TASK INSTRUCTIONS: Every line from the start of the entries up to and including the one bearing "NADJA hd foundation" must be printed verbatim, without the pictures.

____________

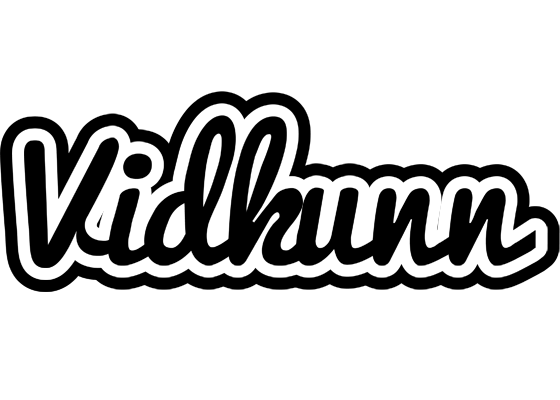 Vidkunn chess logo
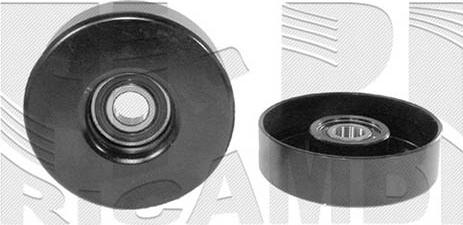 Autoteam A04284 - Паразитний / провідний ролик, поліклиновий ремінь autocars.com.ua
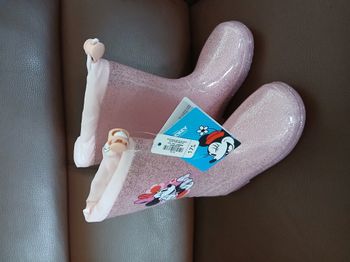 bottes de pluie minnie fille 25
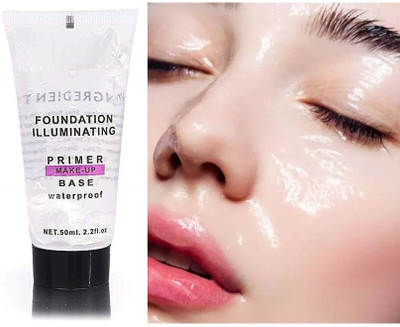 NADJA hd foundation tube primer Primer - 100 ml Primer  - 50 ml(Transparent)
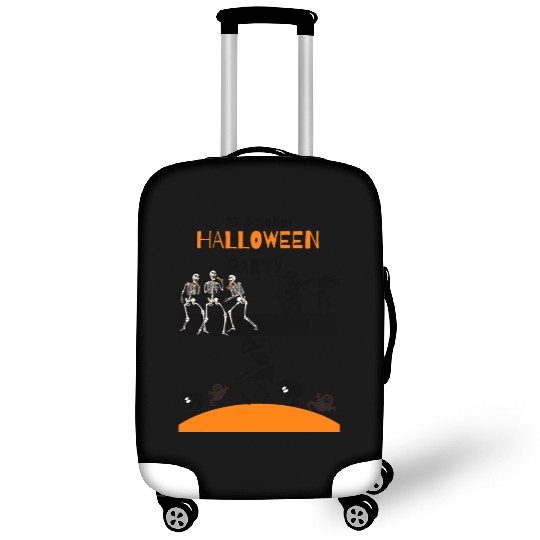 spooky season stuff Luggage Covers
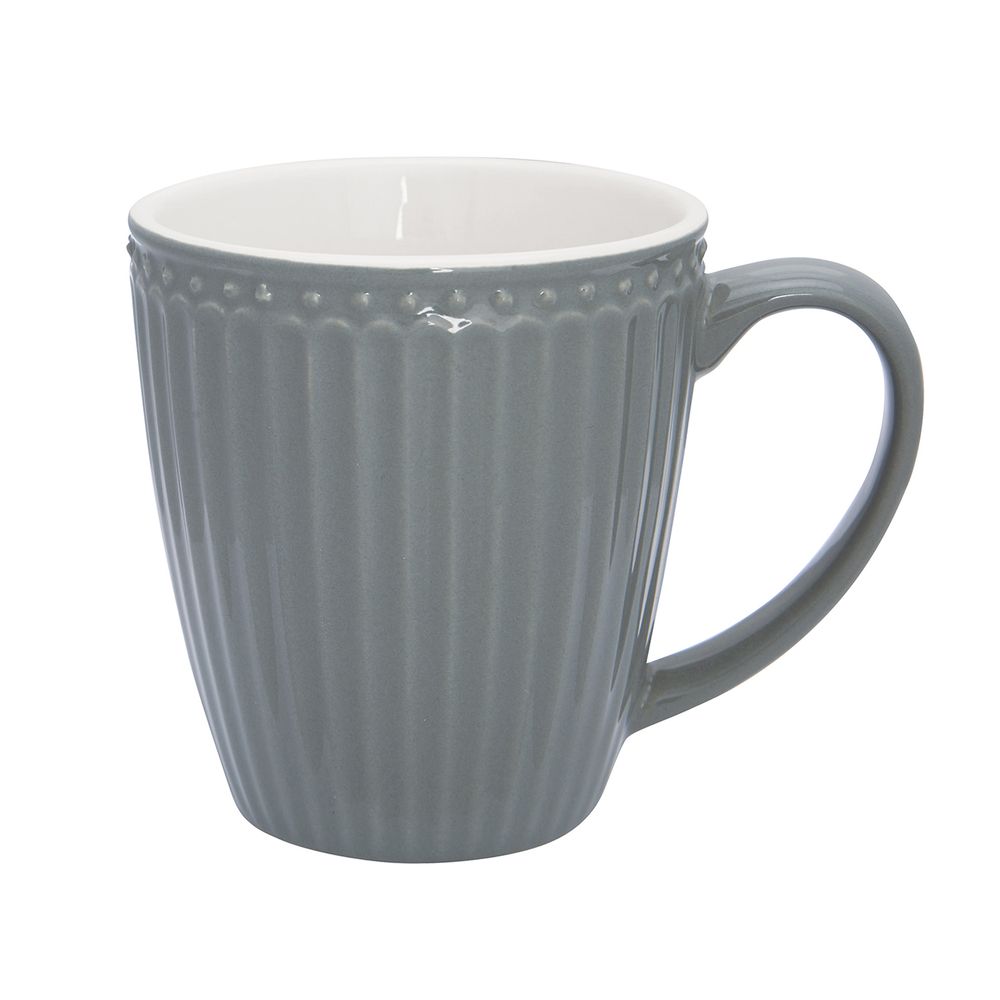 Чашка Alice stone grey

____________

EXERCISE RESULT:
 Vidkunn chess logo
 Autoteam A04284 - Паразитний / провідний ролик, поліклиновий ремінь autocars.com.ua
 bottes de pluie minnie fille 25
 NADJA hd foundation tube primer Primer - 100 ml Primer  - 50 ml(Transparent)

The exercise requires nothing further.